## Task to carry out
Omit the pictures found among the records and print everything else exactly as it stands.

## Data extracts
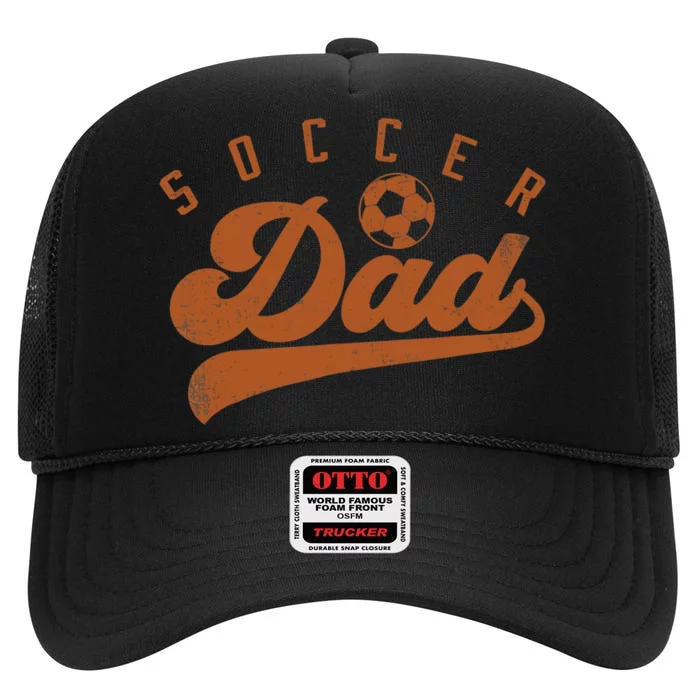 Soccer Dad High Crown Mesh Trucker Hat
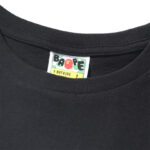 T-shirt BAPE Shark Embroidery Black BP012 - Image 9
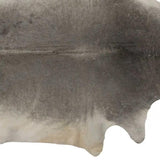 60" X 84" Gray Cowhide - Area Rug - Homeroots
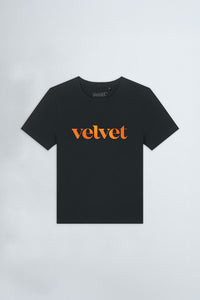 Women's Logo Tee in Orange & Yellow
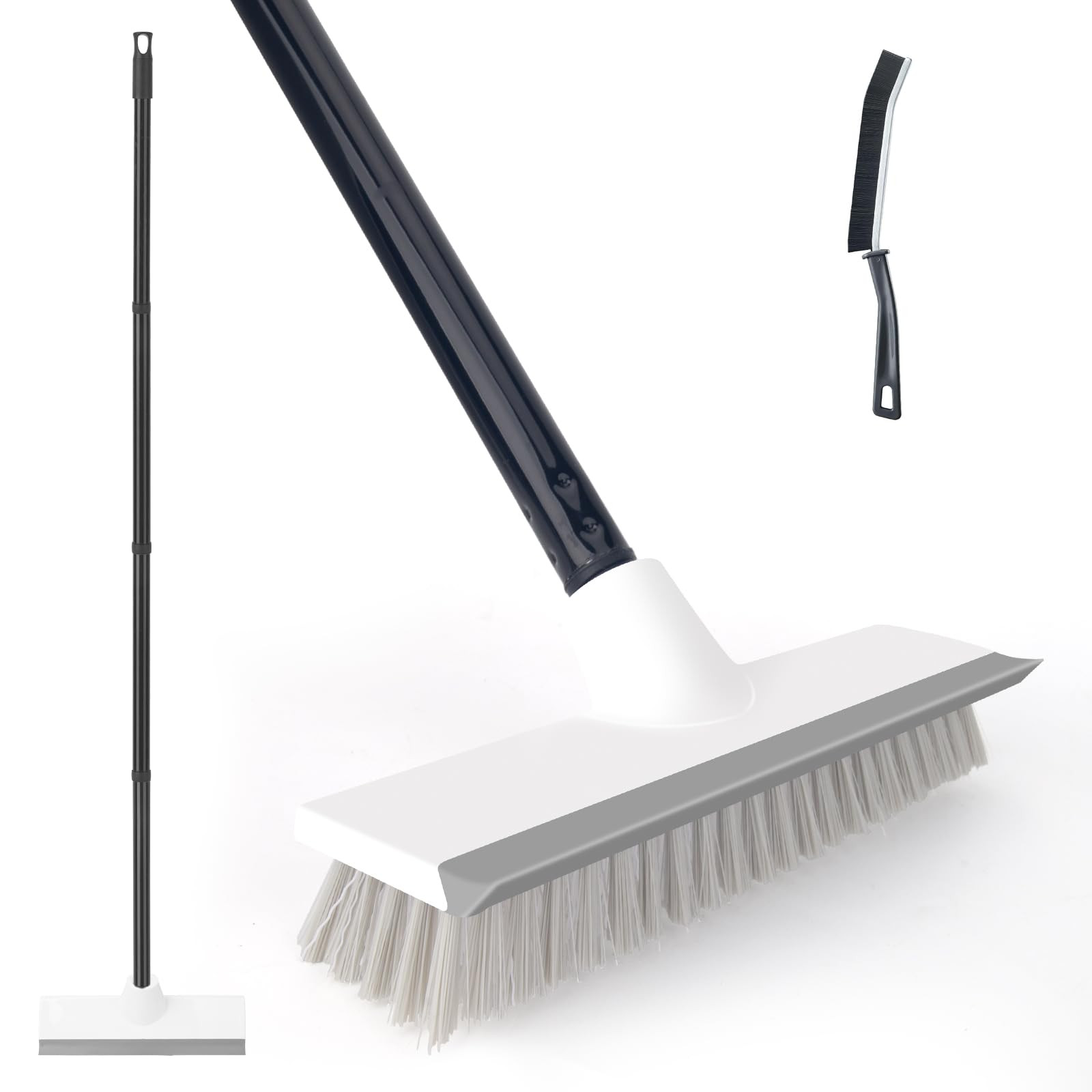 Deck Cleaning Brush 2 in 1 Scrape Brush with Long Handle,120 cm Floor Scrubber Broom for Patio, G... | Amazon (UK)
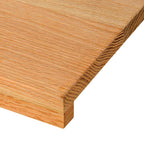 Davanzale in Legno Massello Rovere 140x15x2 cm Marrone Chiaro - Confezione 2 pz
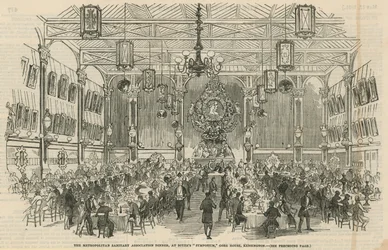 The Metropolitan Sanitary Association Dinner at Soyer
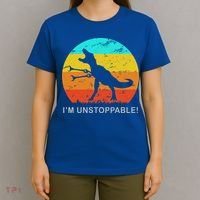 I'm Unstoppable Funny Vintage Retro TRex T-Shirt thumb 4
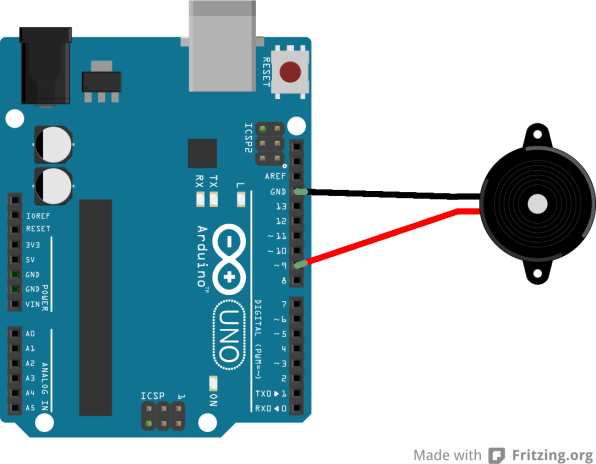 piezo layout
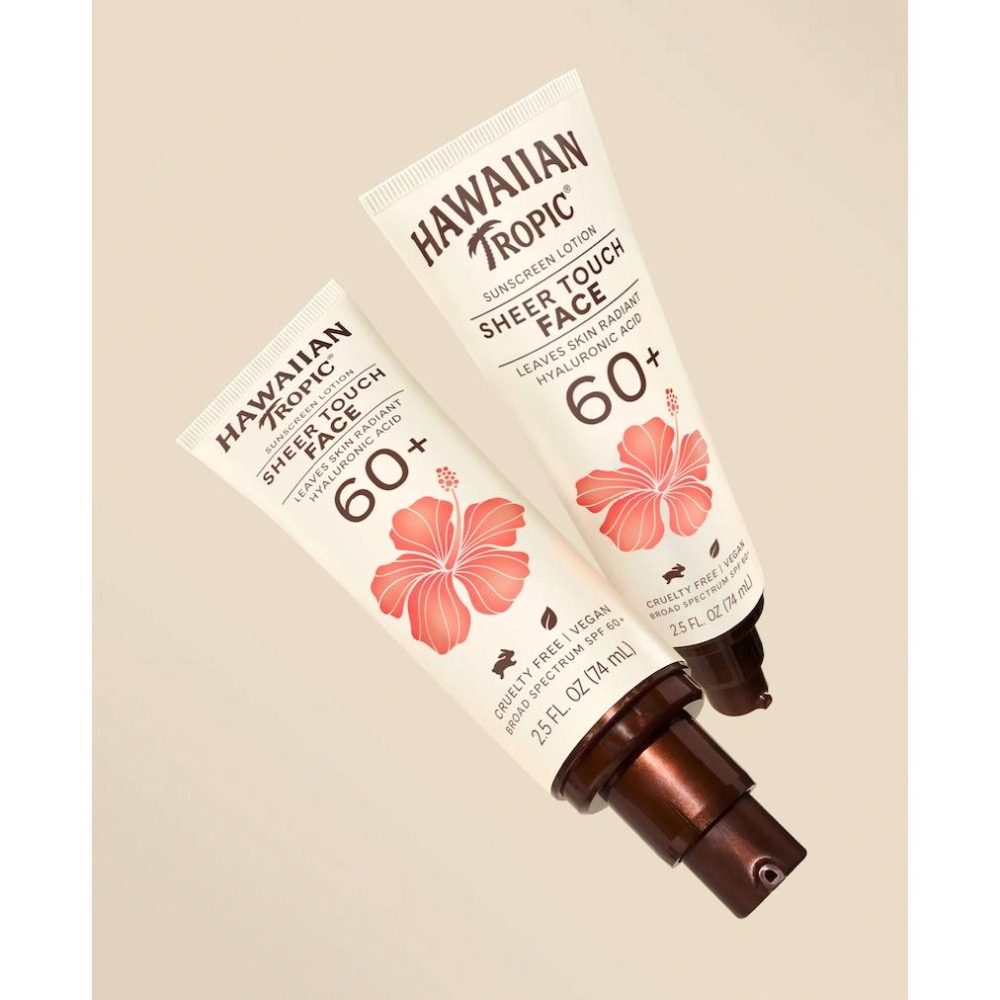『現貨』珠光防曬乳 Hawaiian Tropic 熱帶夏威夷 清透觸感 SPF 60 ☀️ 臉部防曬乳-細節圖3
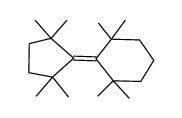 1,1,3,3-Tetramethyl-2-(2,2,5,5-tetramethylcyclopentyliden)cyclohexan Structure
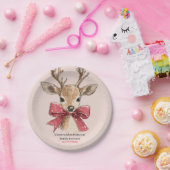 Niedliches Hirsch mit neutraler Rotschwanzweihnach Pappteller (Party)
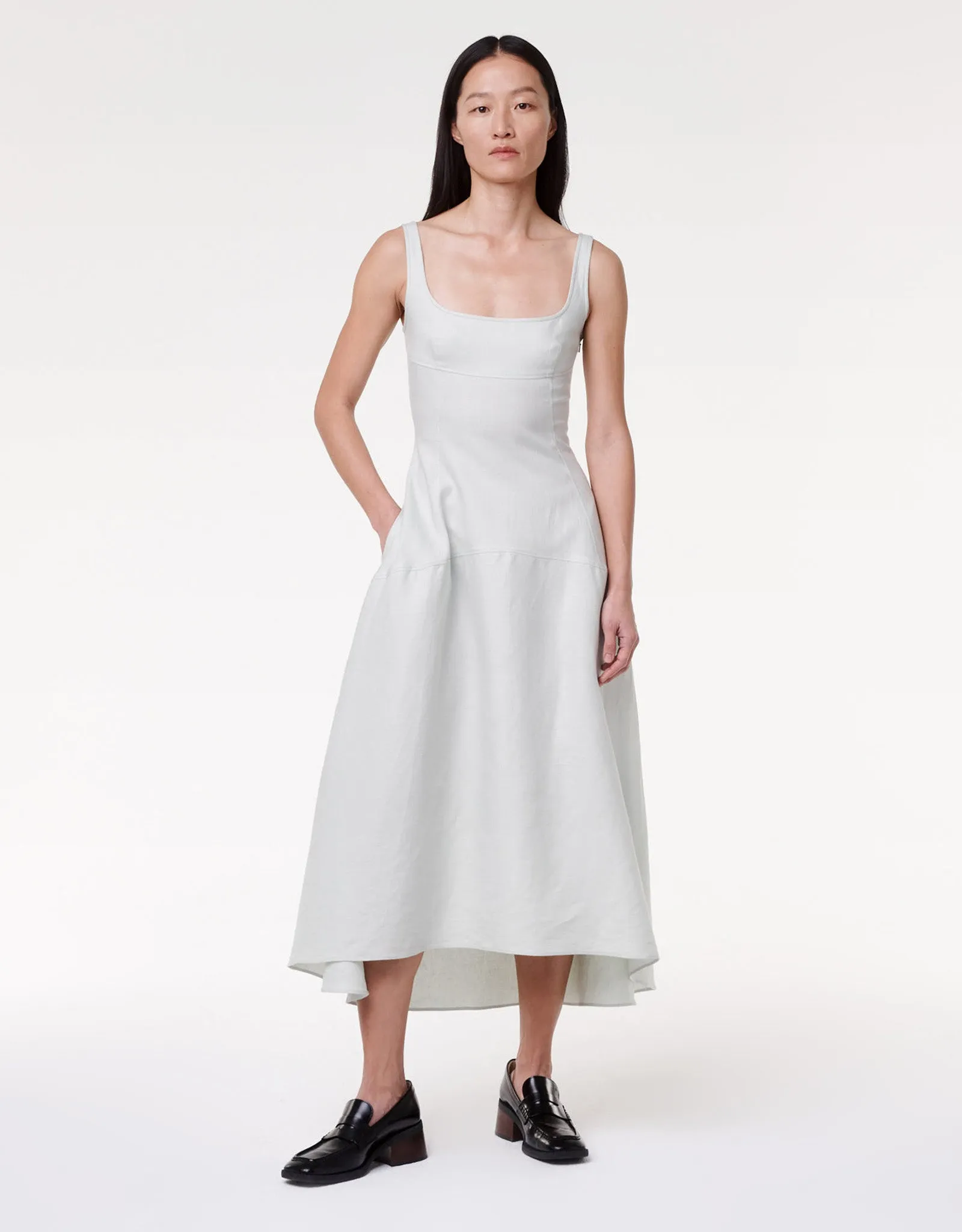 Seamed Bodice Dress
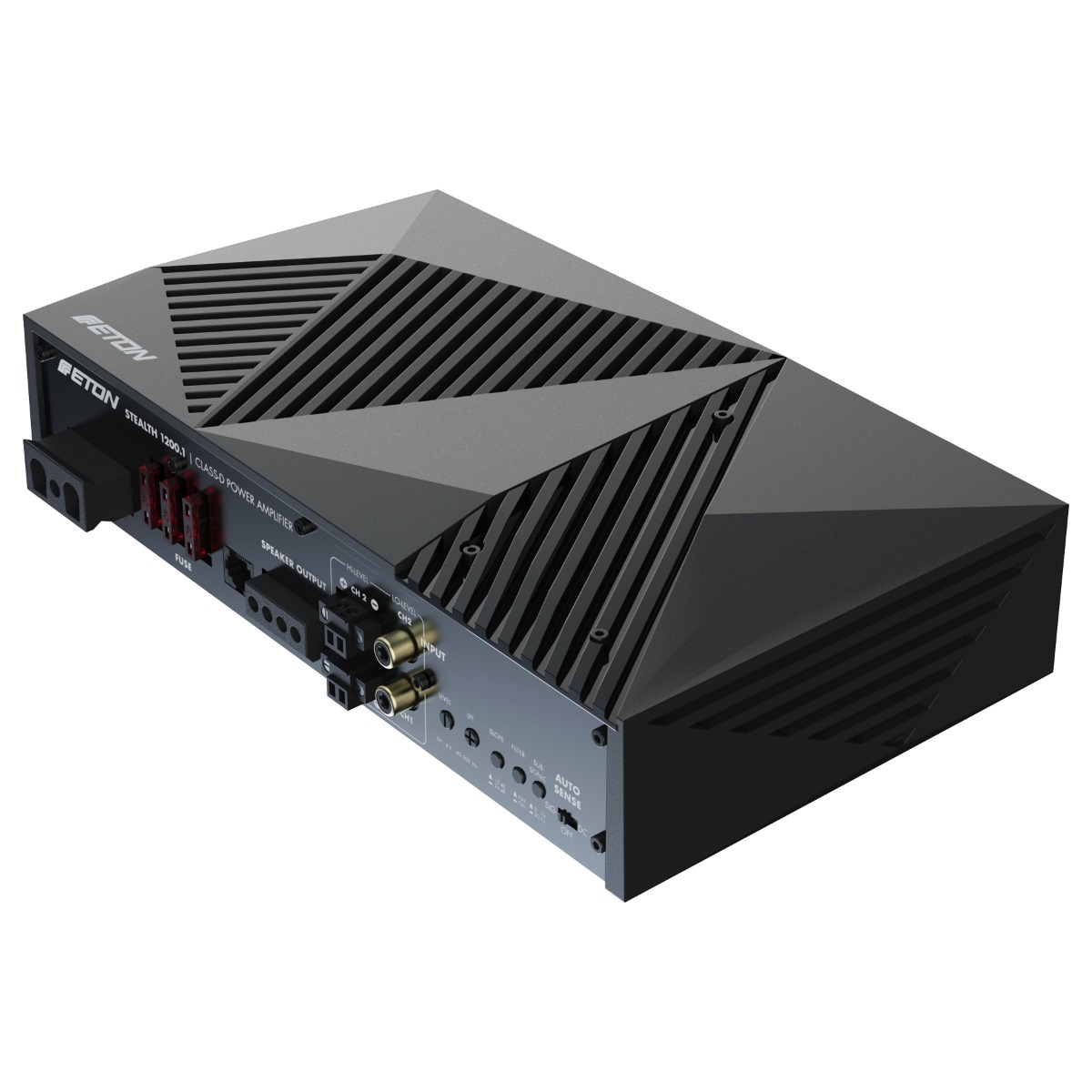 ETON STEALTH 1200.1 Monoblock Endstufe 1-Kanal Mono Verstärker 1200 Watt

## Task result
 Soccer Dad High Crown Mesh Trucker Hat
 T-shirt BAPE Shark Embroidery Black BP012 - Image 9
 60" X 84" Gray Cowhide - Area Rug - Homeroots
 Women's Logo Tee in Orange & Yellow
 Deck Cleaning Brush 2 in 1 Scrape Brush with Long Handle,120 cm Floor Scrubber Broom for Patio, G... | Amazon (UK)
 Davanzale in Legno Massello Rovere 140x15x2 cm Marrone Chiaro - Confezione 2 pz
 The Metropolitan Sanitary Association Dinner at Soyer
 I'm Unstoppable Funny Vintage Retro TRex T-Shirt thumb 4
 piezo layout
『現貨』珠光防曬乳 Hawaiian Tropic 熱帶夏威夷 清透觸感 SPF 60 ☀️ 臉部防曬乳-細節圖3
 1,1,3,3-Tetramethyl-2-(2,2,5,5-tetramethylcyclopentyliden)cyclohexan Structure
 Niedliches Hirsch mit neutraler Rotschwanzweihnach Pappteller (Party)
 Seamed Bodice Dress
 ETON STEALTH 1200.1 Monoblock Endstufe 1-Kanal Mono Verstärker 1200 Watt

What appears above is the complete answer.